You're right, TTL will not work with that setup. That's OK... UW, manual is better. Most of your shooting will be at 1/60-->1/200 and F5.6 --> F11. I like to set my f-stop for the DoF I want and then vary strobe power to control exposure of the foreground and shutter speed for the background as subject motion permits. Lighting underwater is vastly different than topside. Strobes are only good to a few feet -- even powerful ones, and depth eliminates warmer colors. By about 100' its all blue so if you want white light, all you got is what you brought -- your strobes. I suggest a lot of reading in this area. The book "Underwater Photographer" by Martin Edge is an invaluable resource. He does an excellent job of covering lighting and many other techniques.
The YS-D1 is IMHO, the best strobe out there right now for any reasonable price. Seacam strobes are better, but they're also $2500 a piece.

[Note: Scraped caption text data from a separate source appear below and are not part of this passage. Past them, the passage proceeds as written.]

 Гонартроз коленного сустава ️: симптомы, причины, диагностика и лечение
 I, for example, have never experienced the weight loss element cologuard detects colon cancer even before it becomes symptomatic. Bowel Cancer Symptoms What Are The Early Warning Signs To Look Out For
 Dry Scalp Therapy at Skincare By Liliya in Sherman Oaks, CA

Get the pair because eventually you will want/need them. Learn how to shoot with one first, however. Like in the studio, you should know how each light affects the image before you add more. See above comment about UW lighting being vastly different. When I started, I thought that I knew what I was doing since I regularly use 2, 3, and even 4 strobe setups in the studio mixed with window light, etc... After my first few UW photo dives, I realized I was learning light all over again.

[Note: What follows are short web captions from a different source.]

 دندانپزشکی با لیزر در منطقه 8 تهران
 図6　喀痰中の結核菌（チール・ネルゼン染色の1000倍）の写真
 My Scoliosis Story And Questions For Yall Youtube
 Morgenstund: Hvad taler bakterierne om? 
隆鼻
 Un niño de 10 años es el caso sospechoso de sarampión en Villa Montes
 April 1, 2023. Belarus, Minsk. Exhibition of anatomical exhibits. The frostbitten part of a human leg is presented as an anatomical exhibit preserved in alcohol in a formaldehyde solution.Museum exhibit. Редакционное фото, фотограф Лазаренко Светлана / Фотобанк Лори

I don't (seriously) shoot video, so I can't help much there. Unless you plan on diving very shallow, you will need video lighting as well for the same reason mentioned above. Video below 30-ish feet takes on a blue cast that's hard to impossible to correct with white balance -- the warmer colors just aren't there, so even if you tone down the blue cast, other colors will look gray/muted.

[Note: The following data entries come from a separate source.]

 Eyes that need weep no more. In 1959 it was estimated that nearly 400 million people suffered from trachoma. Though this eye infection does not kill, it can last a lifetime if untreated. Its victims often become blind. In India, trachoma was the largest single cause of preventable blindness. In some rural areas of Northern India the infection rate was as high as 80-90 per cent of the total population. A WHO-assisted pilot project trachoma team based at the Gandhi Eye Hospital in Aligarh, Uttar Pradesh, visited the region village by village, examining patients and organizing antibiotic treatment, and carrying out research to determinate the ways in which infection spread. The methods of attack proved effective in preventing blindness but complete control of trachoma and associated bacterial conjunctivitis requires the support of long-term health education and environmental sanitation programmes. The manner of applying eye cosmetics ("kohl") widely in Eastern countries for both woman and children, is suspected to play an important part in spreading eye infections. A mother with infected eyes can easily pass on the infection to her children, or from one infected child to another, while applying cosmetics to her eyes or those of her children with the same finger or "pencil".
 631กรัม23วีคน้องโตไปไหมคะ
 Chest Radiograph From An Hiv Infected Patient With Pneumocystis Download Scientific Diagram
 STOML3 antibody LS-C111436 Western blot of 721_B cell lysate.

IMHO, Ultralight Control Systems (ULCS) makes the best arms, clamps, balls, etc.... I suggest an 8" plus a 5" arm section plus clamps for each side/strobe. This will give you all the articulation you will need and allow you to place them far enough away from the lens axis to control backscatter.
Lens-wise, you may want to consider a 100mm macro and flat port. There are a lot of macro and small subjects that you will miss with the lens you have. Also a zoom like the 16-35 or 17-40 will be more versatile than your 15 prime. The 15 will be good for video, close focus wide angle work, and larger animals such as turtles, sharks, sea lions, etc.... I've never been too fond of the fisheye look (underwater or above), but that's purely personal taste. I also shoot a 5D2 and my UW lenses are the 16-35 2.8L II, 24-105 F4L (mostly used in the 24-70ish range), and 100 2.8 Macro. The zooms go behind a dome and the macro behind a flat port.